What images and ideas were primary in putting these visuals together?

I looked at a lot of old, experimental films that used macro photography. Before computer graphics, people used tanks of water to create clouds for films. One of my references was a Japanese film called Kwaidan where the title sequence was created using dyes [merging] into water. The final sequence in 2001: A Space Odyssey was achieved in a similar way.

That was our departure point. Initially, we worked with analogue elements using cloud tanks, but a more contemporary approach was needed to keep it consistent for a large, high-resolution screen.

So, we created particle simulations, which uses a sophisticated computer graphics language to define the parameters of how you want an object to look. Each sky was made of a billion particles, all moving as they collided and interacted with one another. It became a very painterly language, so inspiration also came from Old Master paintings like Turner which had dramatic, hyper-real skies. Using computer graphics gave me more control to create something impressionistic.

What “parameters” did you set for that?

I wanted each intermezzo to feel like a hypnotic loop that didn’t feel quite natural. You can see it and say, oh, that almost looks like a real sky, but there’s something psychologically uncanny about it.

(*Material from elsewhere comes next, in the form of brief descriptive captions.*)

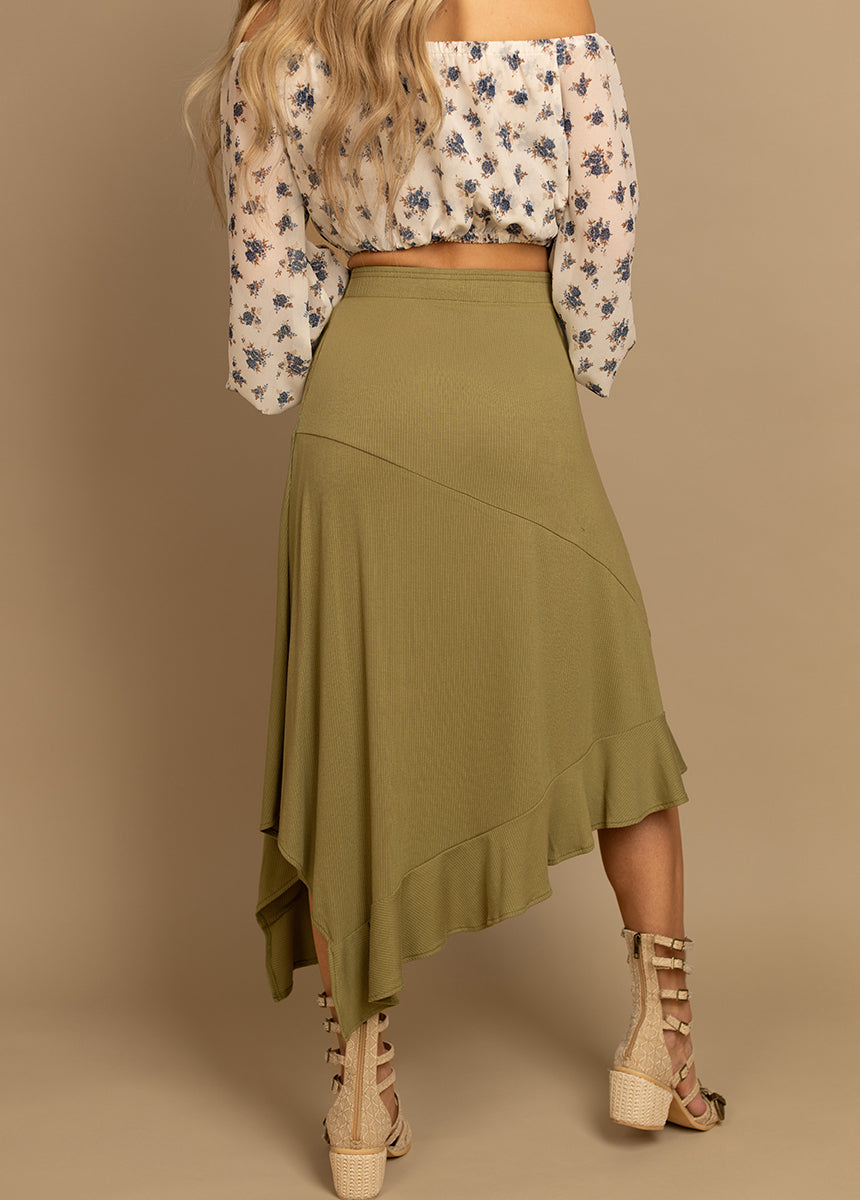 Lysha Skirt in Light Oregano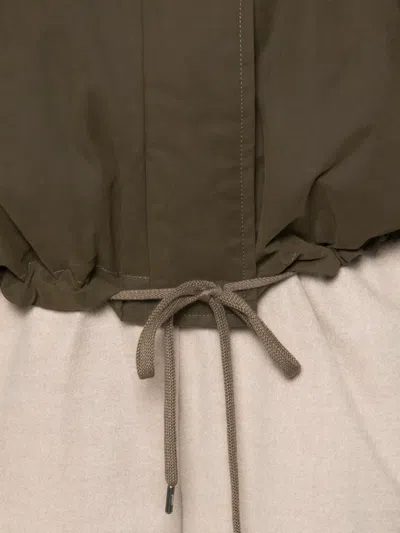 Herno Drawstring Hooded Jacket In Green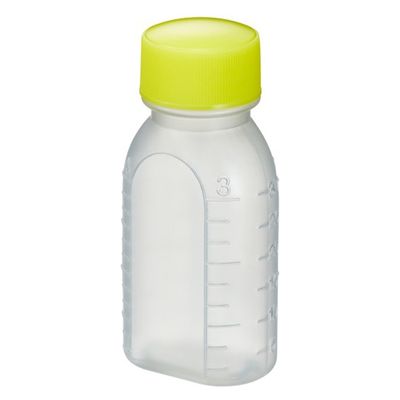 エムアイケミカル 投薬瓶PPB 30mL 凸凹目盛り（滅菌済）少数包装 08285026 キャップ色:黄 30CC（20本入り）1箱（直送品）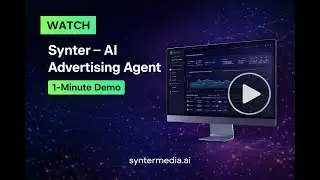 Synter - AI Advertising Agent | Full Demo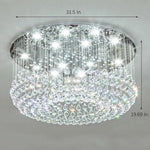 Glass Cicles Crystal Led Chandelier Drum Flush Mount Chandelier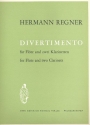 Divertimento  fr Flte und 2 Klarinetten Partitur und Stimmen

In terms of how we simulate human beings using computer graphics, there’s a term called “uncanny valley” where something is almost real but not quite. You see something in the eyes or skin and realize this is disquieting. That’s why we used particle simulation – to make something natural feel psychological and impressionistic.

Another reference was Lars Von Trier’s film Breaking The Waves which had intermezzos of computer generated skies between each section of the film, like a painting of a landscape. That always struck me as something interesting and it was one of our first references when Marina was developing the opera.

How did the different intermezzos reflect the story elements of “7 Deaths”?

It set the tone for Maria Callas’ psychological condition, or her characters in the seven different operas she played in. Each intermezzo represented a specific state of mind as she reached the end of her life.

The production is also quite unconventional. Marina has gotten a lot of attention for this new way of staging an opera, which is basically 80 per cent film and 20 per cent [performance]. It’s an interesting way to tell that story and I don’t think it’s ever been done before. Modern opera librettos like Robert Wilson’s Einstein on the Beach are staged in a contemporary way, but there’s always a troupe of performers with an abstract visual background.

“7 Deaths” is an interaction between the film, the intermezzos, and the performer, who is just one performer singing that aria. From a business standpoint, it’s a less expensive way to stage. By using sophisticated visuals, film, and special effects, it gives a contemporary audience an entry point into opera when they may lose attention if they were watching something conventional.

How does creating work in this context differ from your work in video installation?

It’s more collaborative, especially with music. Most of my work starts with a musical idea, so to work alongside creative people in the performing arts is a complete joy.

The conventional art world has become, in some ways, more commercial than the performing arts. It’s refreshing to see incredibly talented people come together to create something beautiful.

That’s what I really enjoy about it – that there’s no aspect of creating something for the sole purpose of being sold when that is in virtually everything we do now.
Marco Brambilla is an artist. Past collaborations include NASA and Kanye West with works at the collections of MoMA, Guggenheim, and more.